Ein spektakulärer Fall, aber nur einer unter unzähligen, die zeigen, was immer mehr Menschen befürchten und die Politik vor schwer lösbare Probleme zu stellen scheint: dass "uns die Arbeit ausgeht", weil immer mehr Maschinen nicht nur in der Industrie, sondern zunehmend auch in Dienstleistungsunternehmen (wie etwa Banken) den Menschen ersetzen - und arbeitslos machen. Erst diese Woche prognostizierte die Internationale Wirtschaftsprüfer-Gesellschaft PWC in einer Studie, bis zum Jahr 2030 seien satte 34 Prozent der österreichischen Arbeitsplätze von Automatisierung bedroht. Politiker in ganz Europa reagieren auf dieses vermeintliche Schreckensszenario oft reflexhaft mit der Forderung nach neuen Steuern ("Maschinensteuer") oder gar gesetzlichen Hürden gegen die Digitalisierung (indem beispielsweise Taxis vor Uber und in der Folge vor künftigen autonomen Taxis geschützt werden).

Beides ist ebenso populär wie falsch und ökonomisch schädlich. Denn erfolgreich überleben werden in den kommenden Jahrzehnten nur jene Unternehmen, Ökonomien und Staaten, deren Produktivität am höchsten ist - also in der Regel, wo die meisten Roboter und künstlichen Intelligenzen eingesetzt werden. Deshalb wird eine kluge und vorausschauende Politik das nicht durch Abgaben und Gesetzte behindern, sondern nach Kräften fördern. Wer die vor uns liegende digitale Revolution aufhalten oder gar verhindern will, wird damit Verarmung und Wohlstandsverluste generieren; wer sie vorantreibt und für sich nützlich macht, wird zu den Gewinnern gehören.
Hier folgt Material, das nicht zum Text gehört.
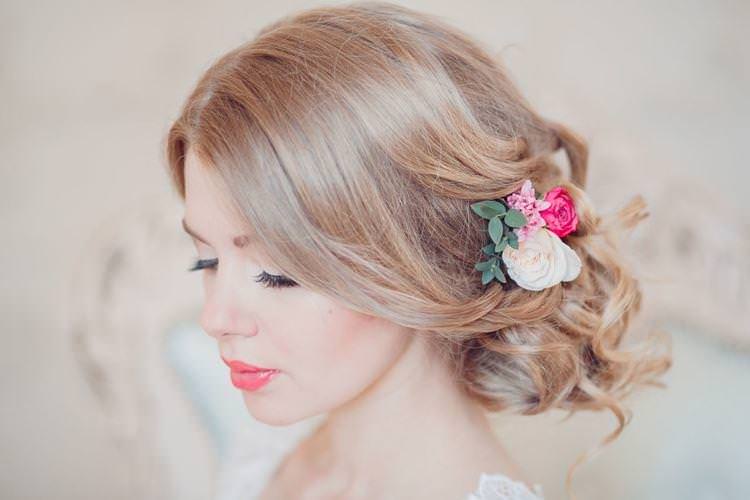 Квіткова романтика - Весільні зачіски на середнє волосся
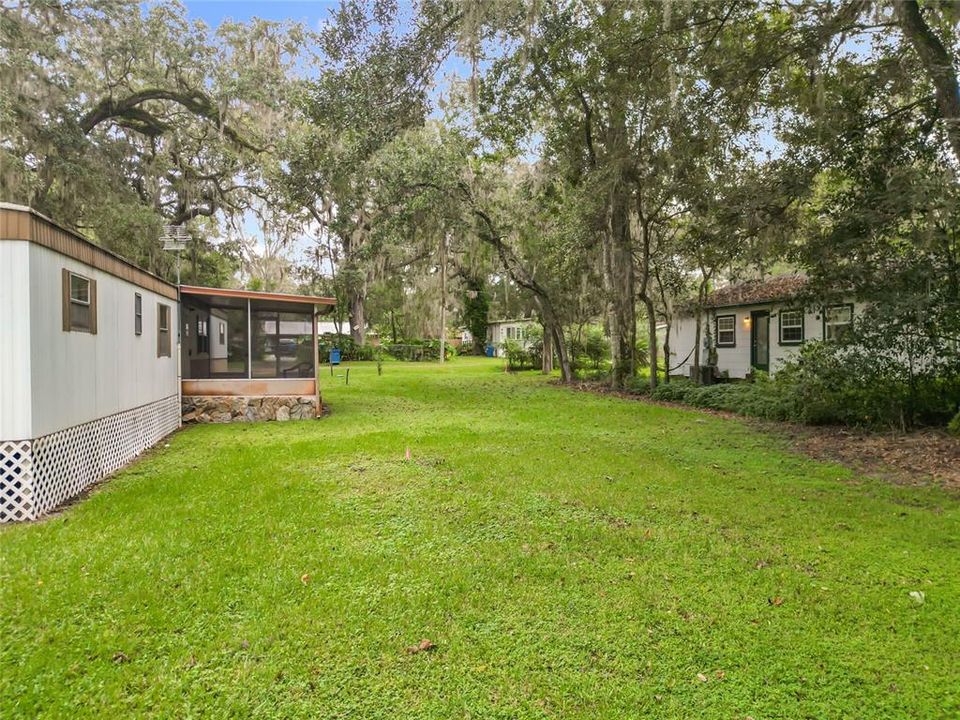 For Sale: $159,900 (2 beds, 1 baths, 840 Square Feet)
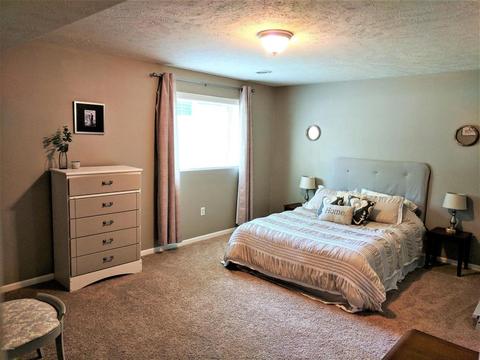 812 Grindle Dr SE, Lowell, MI 49331 photo 6
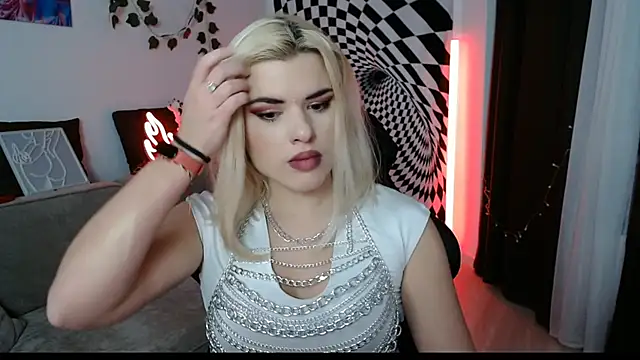 Snapshot of Ariana_Saint chatting on 02.10.26 Ariana Saint online show from 02.10.26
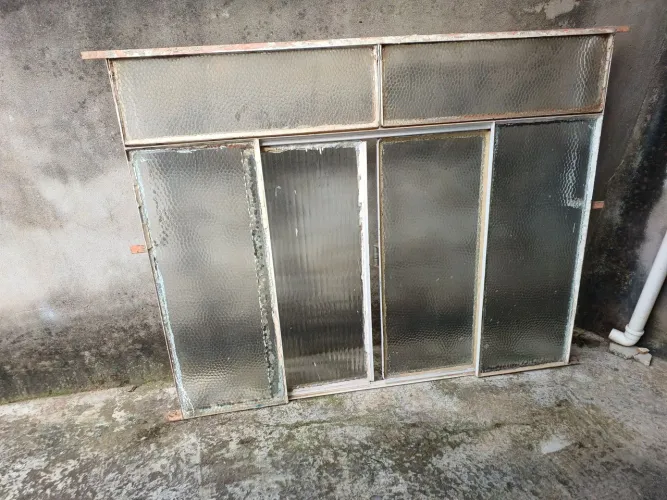 Janela de ferro 120×150cm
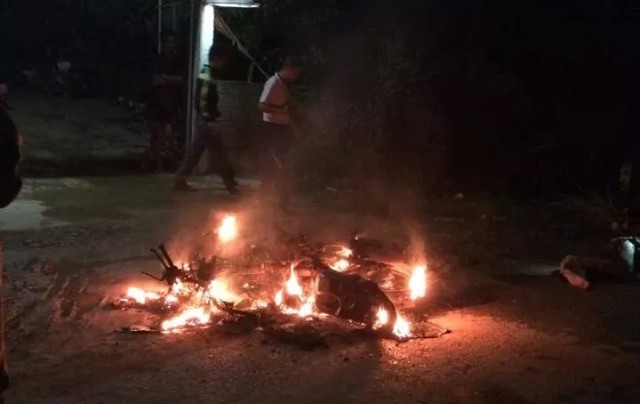 Xe máy cháy ngùn ngụt, một người tử vong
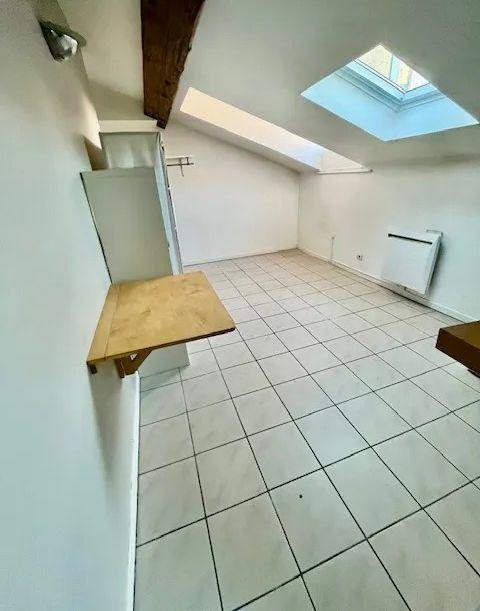 
                                                Location
                                                 Beau studio 23m² très lumineux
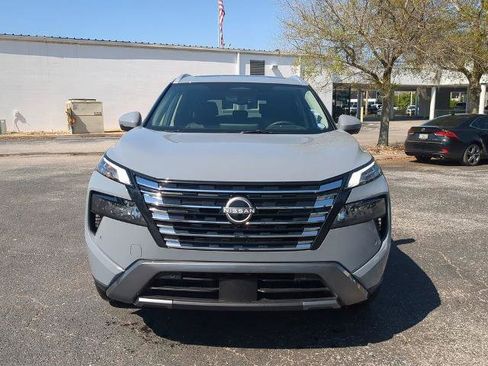 Certified 2025 Nissan Rogue SL w/ Tech Package image 9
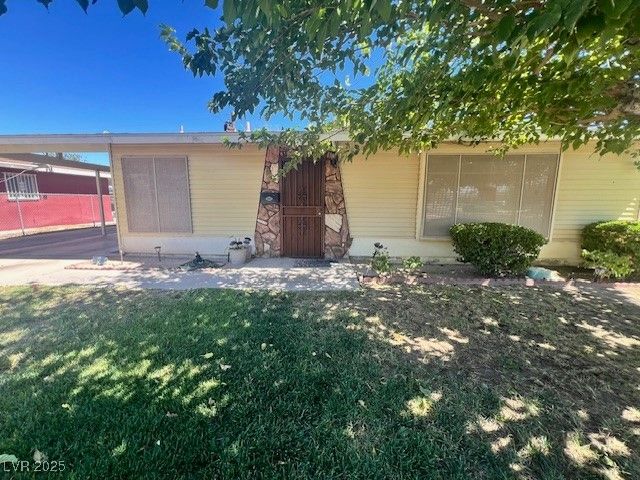 1643 E Street, Las Vegas, NV 89106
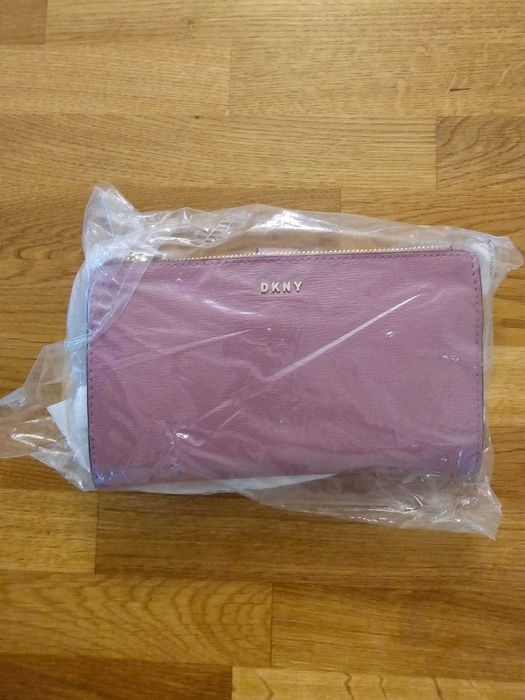 102. Torebka na ramię DKNY różowa canyon rose nowa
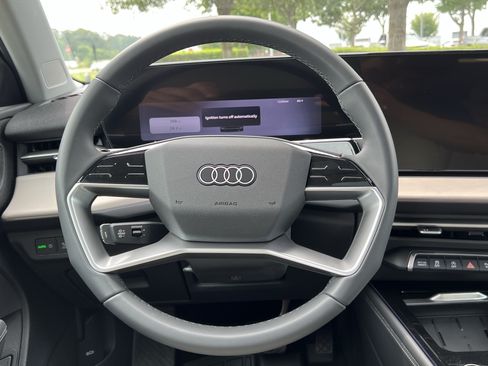 Certified 2026 Audi Q3 quattro 2.0T AWD/4WD image 18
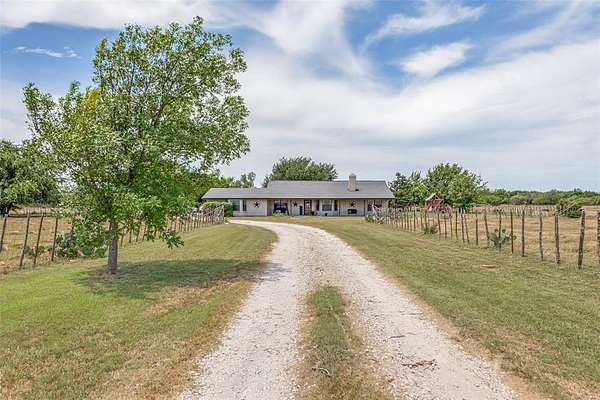 20 Acres of Land with Home for Sale in Weatherford, Texas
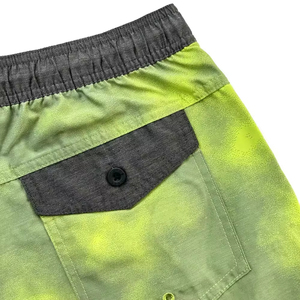 กางเกงขาสั้นผ้าฟลีซคอตตอน 100% สไตล์สตรีทแวร์ รับผลิตตามแบบ OEM พร้อมปักโลโก้ กางเกงขาสั้นย้อมสีแบบคลาสสิกสำหรับเด็กและวัยรุ่น สีพื้น - Product Image 4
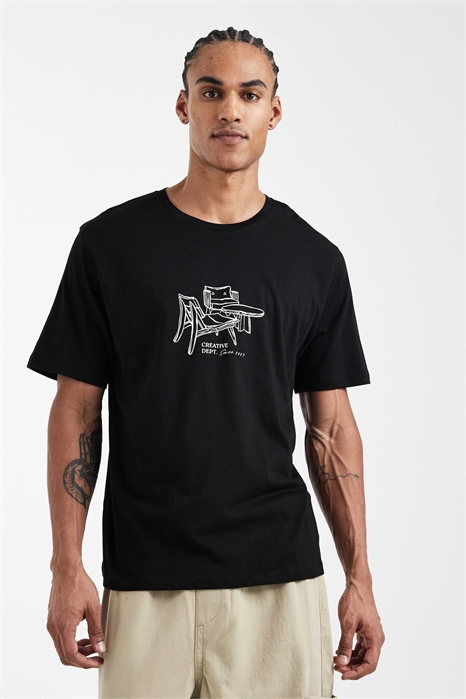 Футболка свободного кроя с принтом на груди артикул 154747080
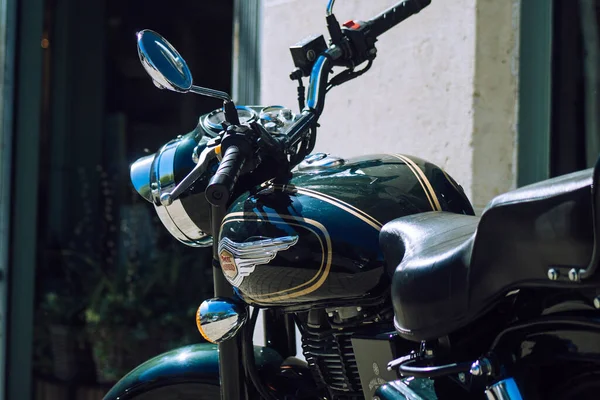 Reims Francie Dubna 2021 Royal Enfield 500Ccm Motocykl Zaparkovaný Ulicích — Stock fotografie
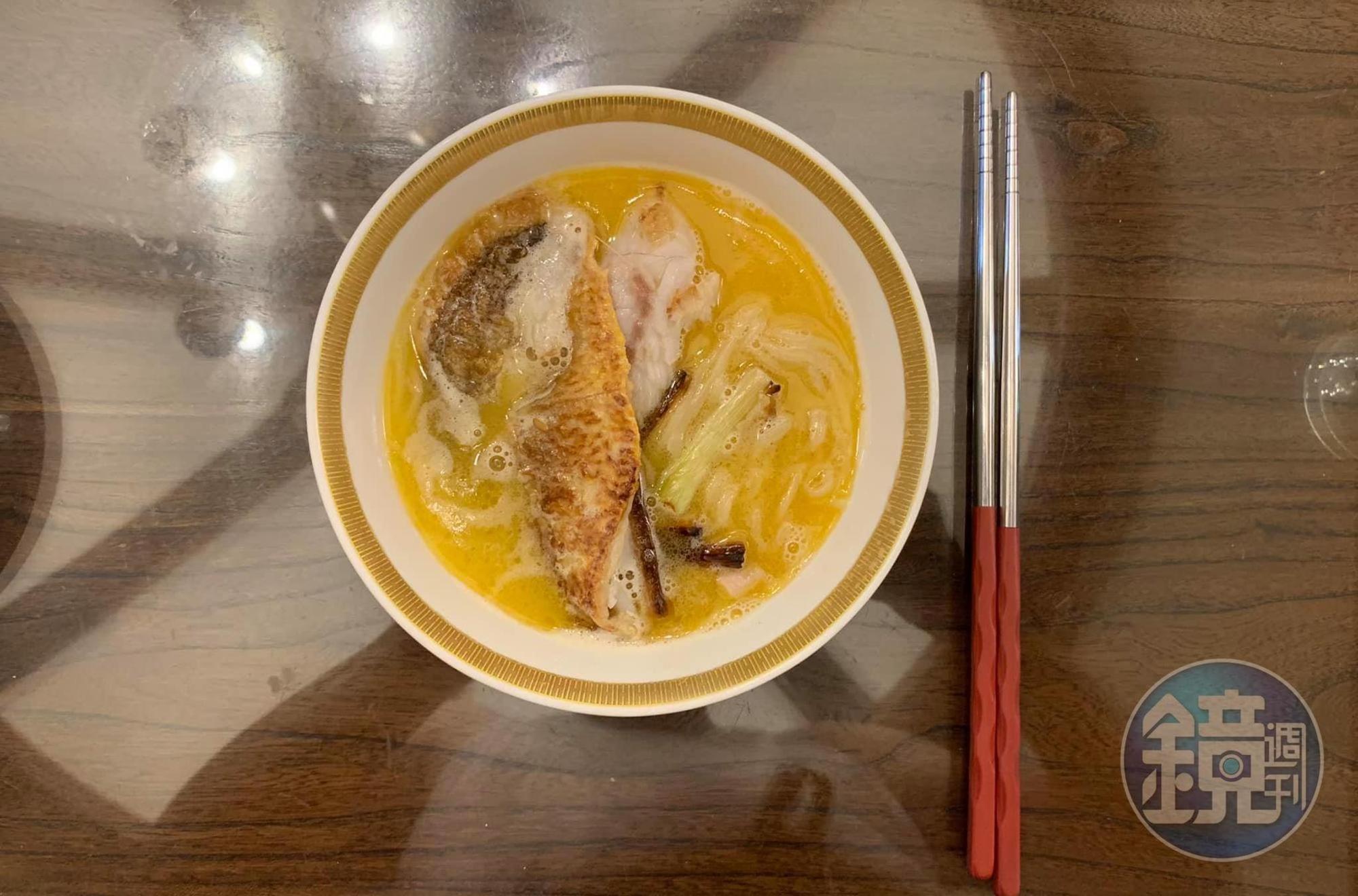 黃魚煨麵，是東北季風起才有的美味。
Die Furcht, dadurch könne Massenarbeitslosigkeit entstehen, ist weitgehend unbegründet. Weder die enormen Produktivitätsschübe der Bauern - heute produzieren 3 Prozent der Bevölkerung mehr Nahrungsmittel als einst 30 Prozent - noch jene in der Industrie haben zu Arbeitslosigkeit geführt, weil immer neue Bedürfnisse der Menschen zu immer neuen Jobs geführt haben. Einen Grund dafür, warum das in Zukunft anders sein sollte, gibt es schlicht und ergreifend nicht. So wie 1990 niemand ahnen konnte, dass 2018 Millionen Menschen ihren Lebensunterhalt mit dem Entwickeln von Apps verdienen, werden auch 2030 Millionen etwas arbeiten, was wir heute noch nicht einmal ahnen können. Das war immer so und wird immer so sein. Leider ist Österreich vor allem mental nicht so gut darauf vorbereitet, der digitalen Revolution gut gelaunt entgegenzugehen, statt ihr ängstlich ausweichen zu versuchen. Je schneller wir begreifen, dass dieses vermeintliche Ausweichen in eine Sackgasse führt, umso besser werden wir die digitale Revolution nutzen können.